BİZ BUNLARI TANIYORUZ DA!
"Erzurum'da yaşlı bir teyze mahkemeye ifade vermeye gitmiş.. devletin kendisine atadığı ve birde karşı tarafın avukatı, mahkemede teyzeye sorar " teyze beni tanıdın mı?
Teyze; seni nasıl tanımam kızımın arkadaşıydın küçükken çok yalancıydın .. okulda kopya çekerdin komşuların tavuklarını çalardın , Avukat çok bozulur.
Bu defa karşı tarafın avukatı sorar " teyze yoksa benide mi tanıyorsun? Teyze" " seni de tanıyorum , anneni döver elinden parasını alırdın"
Bunları duyan hakim rahatsız olur ve avukatları yanına çağırır..
"Ulan eğer bu kadın beni de tanırsa ikinizi de tutuklarım"

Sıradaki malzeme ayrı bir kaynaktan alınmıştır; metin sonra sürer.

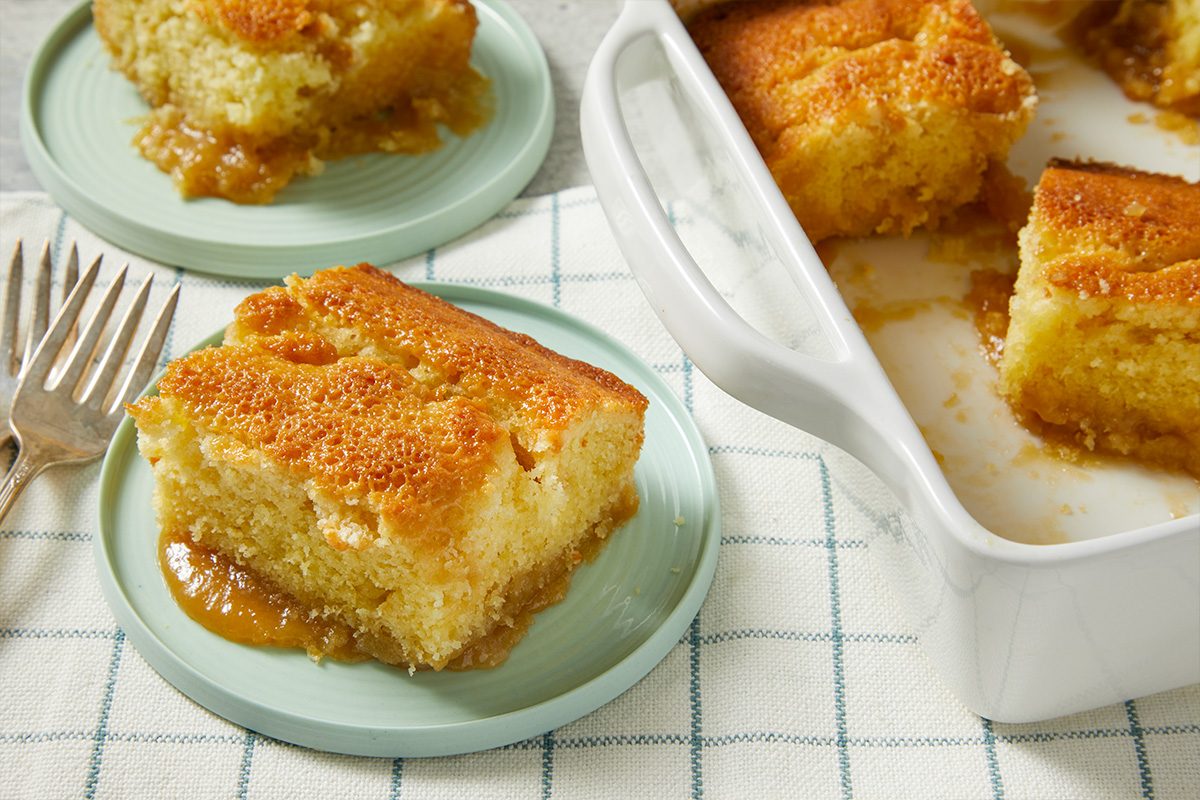A horizontal image shows plated servings of pudding on small dishes with sauce surrounding each piece.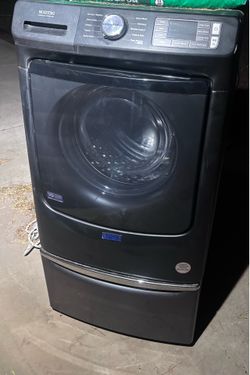 This machine is a Maytag Pet Pro System Front Load Washer (Model: MFW7020RF) in Midnight Steel.
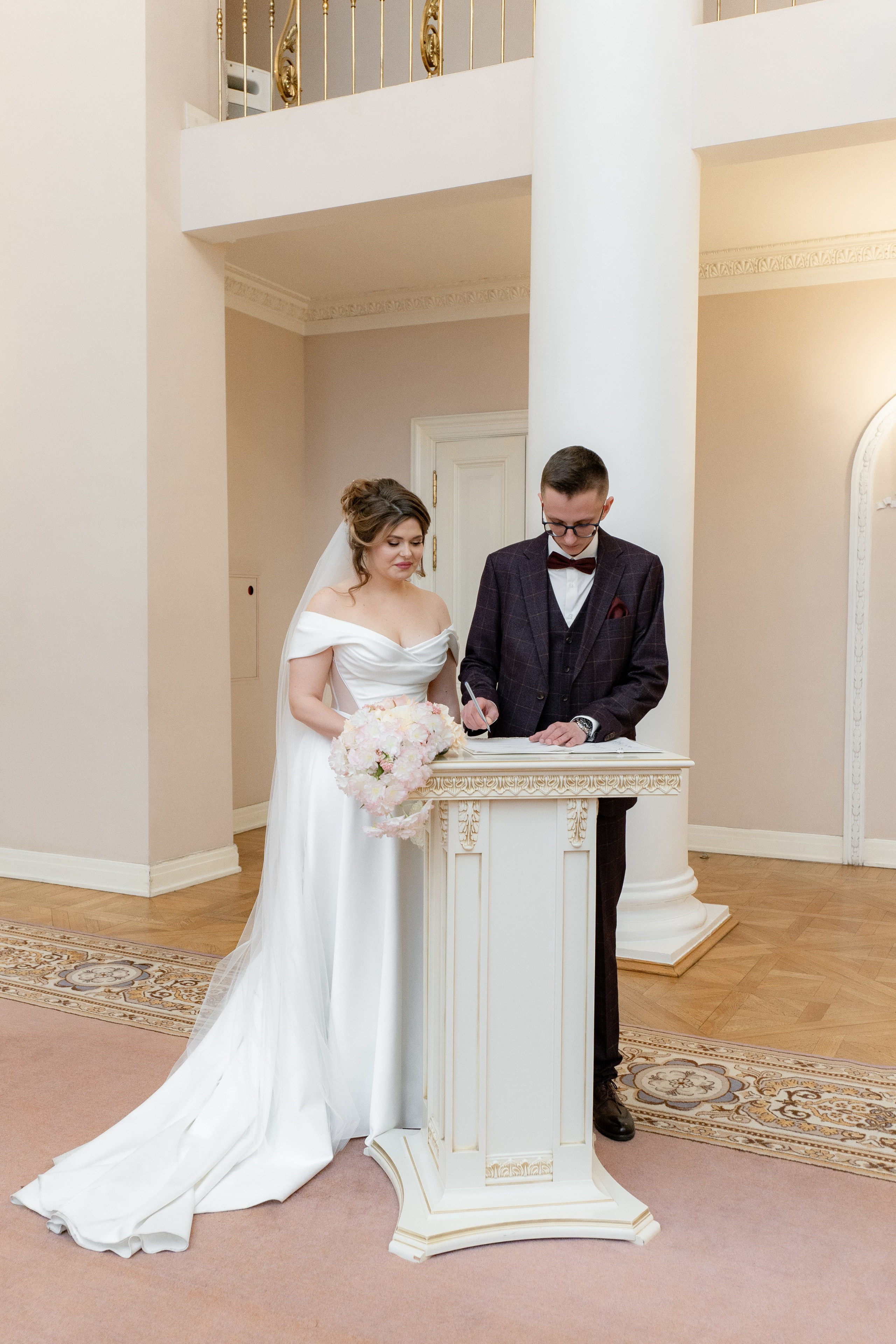 Жених и невеста ставят подписи во Дворце бракосочетания в Царском Селе.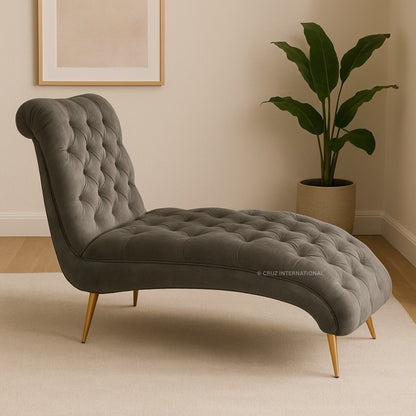 Gray tufted chaise lounge with gold legs in a room with a plant and framed picture.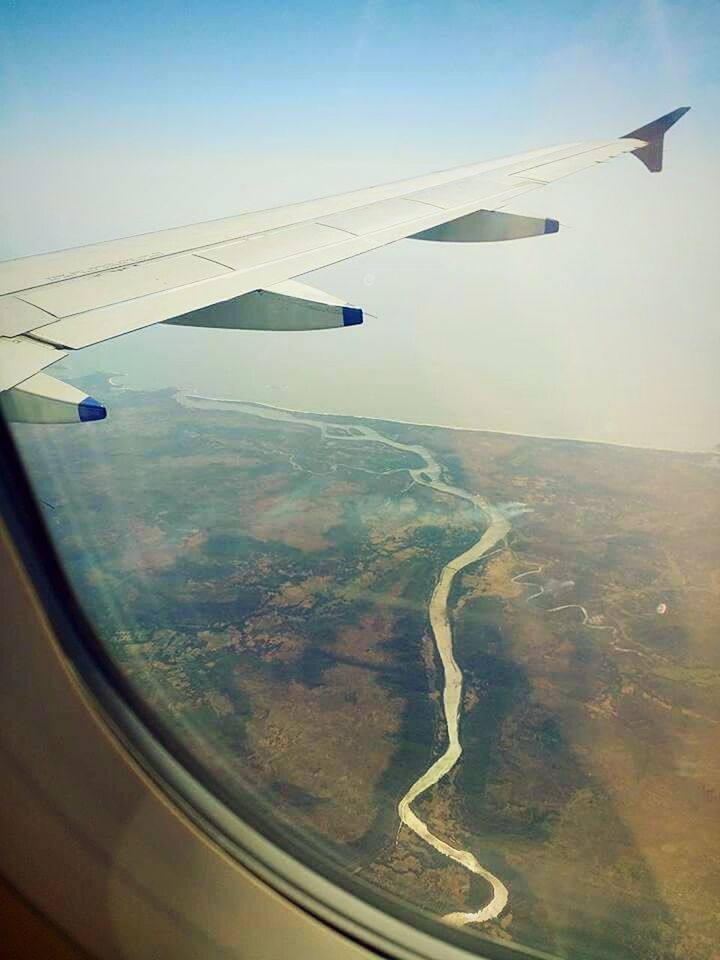 CROPPED IMAGE OF AIRPLANE WING OVER LANDSCAPE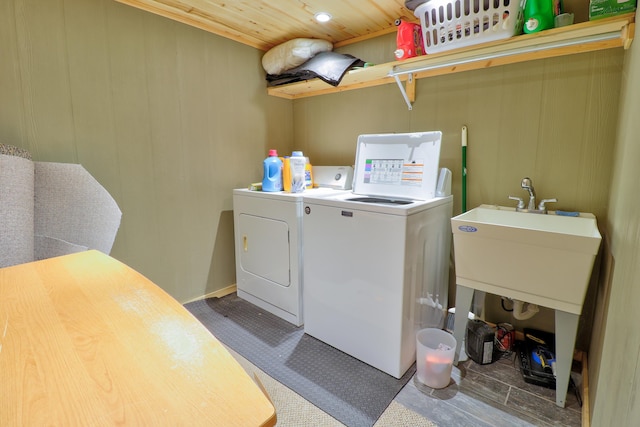 laundry room featuring wood-type flooring, washing machine and dryer, wooden ceiling, and sink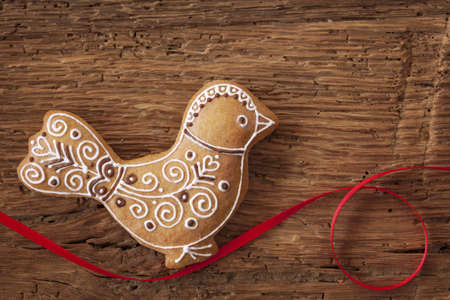 Gingerbread bird cookie on wooden backgroundの写真素材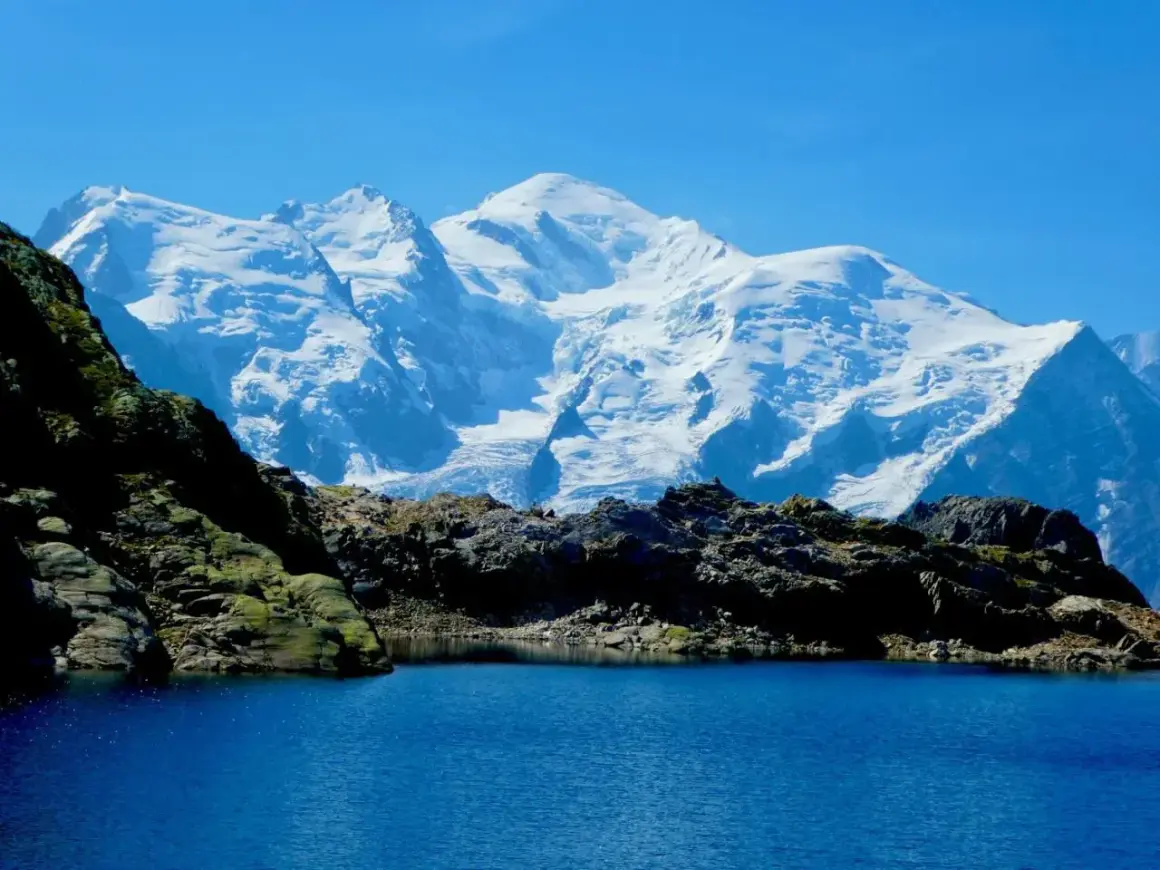 Lac d'altitude aux eaux bleues, bordé de roches sombres, avec en arrière-plan le massif enneigé du Mont-Blanc, paysage typique du trek des Aiguilles Rouges.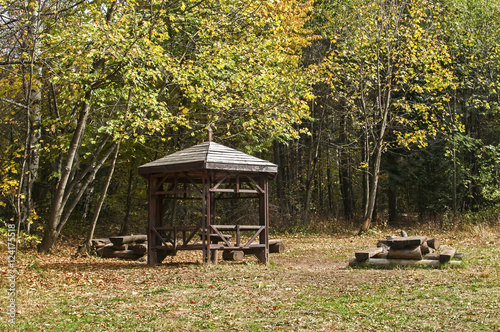 Wooden pavilion in mountain forest park tourist rest area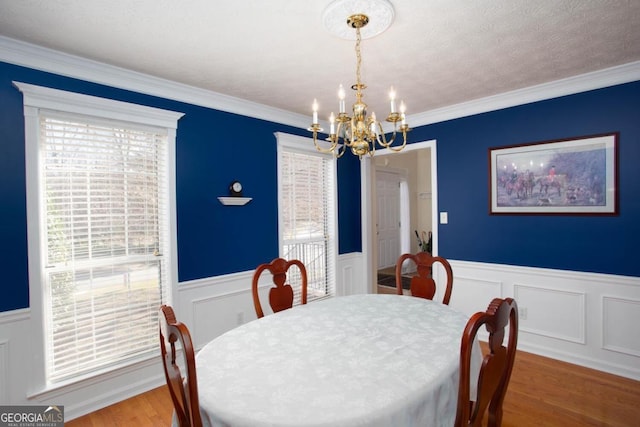 dining room featuring hardwood / wood-style floors, crown molding, and a healthy amount of sunlight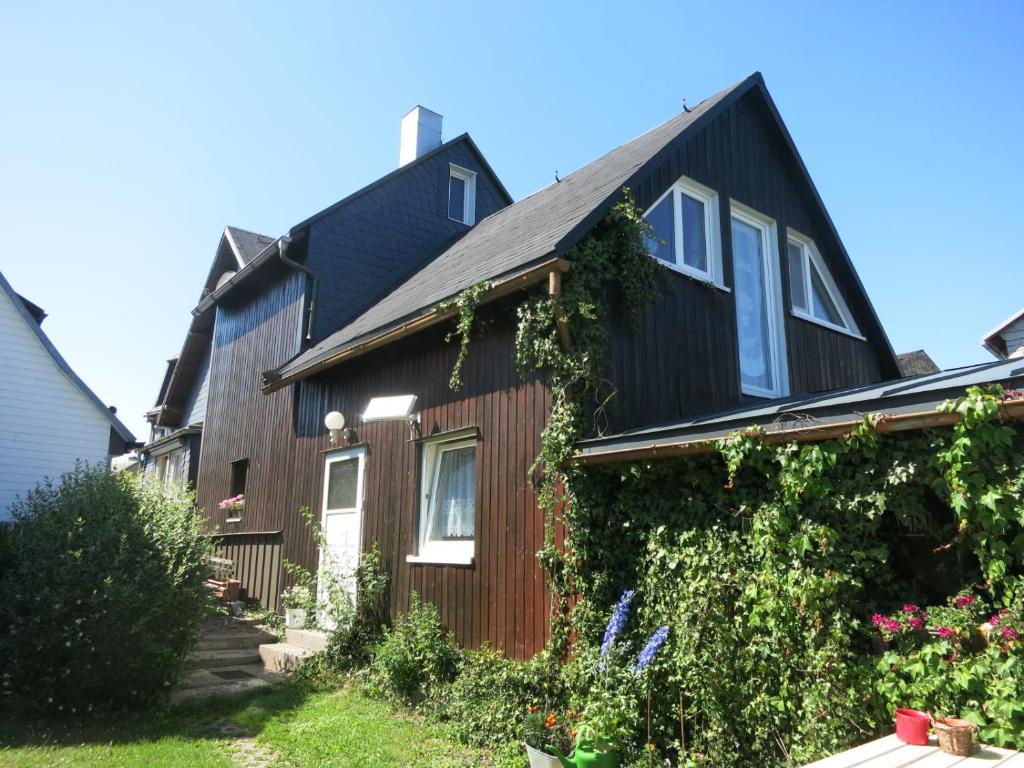 a house with a black roof and ivy at Wanderunterkunft in Frauenwald in Frauenwald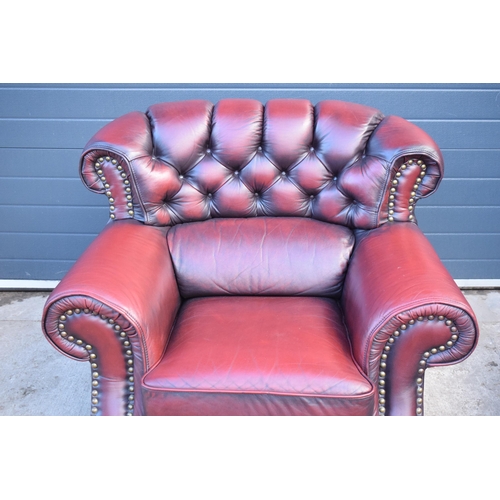 404 - Red oxblood leather Chesterfield-style button-back armchair with metal beading, 110x96x92cm tall.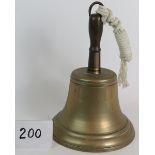 A large vintage ship's or school bell, height: 35cm. Maximum diameter: 23cm.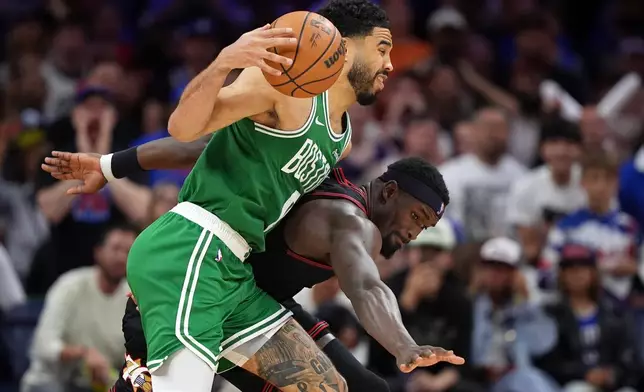 Boston Celtics' Jayson Tatum, left, tries to get past Philadelphia 76ers' Adem Bona during the second half of Game 3 in a first-round NBA playoffs basketball series Friday, April 24, 2026, in Philadelphia. (AP Photo/Matt Slocum)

Biz de kimin ne olduğunu çok iyi biliyoruz da. İşte o cümledeki "da" herşeyi bozuyor. Kimin ne olduğunu gençliğini geçmişini gelecegini yedi sülalesini çok çok iyi biliyoruz bilmesine de derdimizi anlatamıyoruz Marko Paşa'ya!
Hani bir söz var ya katran şeker olmaz diye hah tam öyle katranı şeker olacak diye kaynatıp duruyoruz. Biz de biliyoruz nafile olduğunu bütün çabaların. Biliyoruz bilmesine yine de " oy" deyip yutkunur eğeriz başımızı.
Beka nedir biliriz bilmesine de saplantılı bir aşk yaşadığımız için belki bizim bilmediklerimiz var deyip kandırırız yüreğimizi.
Bunlardan cacık olmayacak hıyarlar olduğunu biliriz bilmesine de yine de koşarız başka çare mi var diyerek.
Parsel parsel satılırken ülkenin toprakları biz vatan millet Adapazarı edebiyatı çok severiz. Bir de iki keklik örterse kaya başında değme keyfimize.
Sınırlarımız yol geçen hanı. Gelen geçiyor giden geçiyor.
Ekonomik durumumuz tam uçuş modunda. Havalandık pilotun kolu çekmesini hostesin kemerlerinizi bağlayın komutunu bekliyoruz. Uçacaksın uçacaksın derken uçtuk mu? Uçtuk.
Koydular mı? He ya hemi de iyi…
Bütün bunlar sürpriz mi? Elbette hayır. Erzurumlu teyze gibi hırsızı da biliyoruz ana babasına ihanet edeni de. Lakin " de" var işte.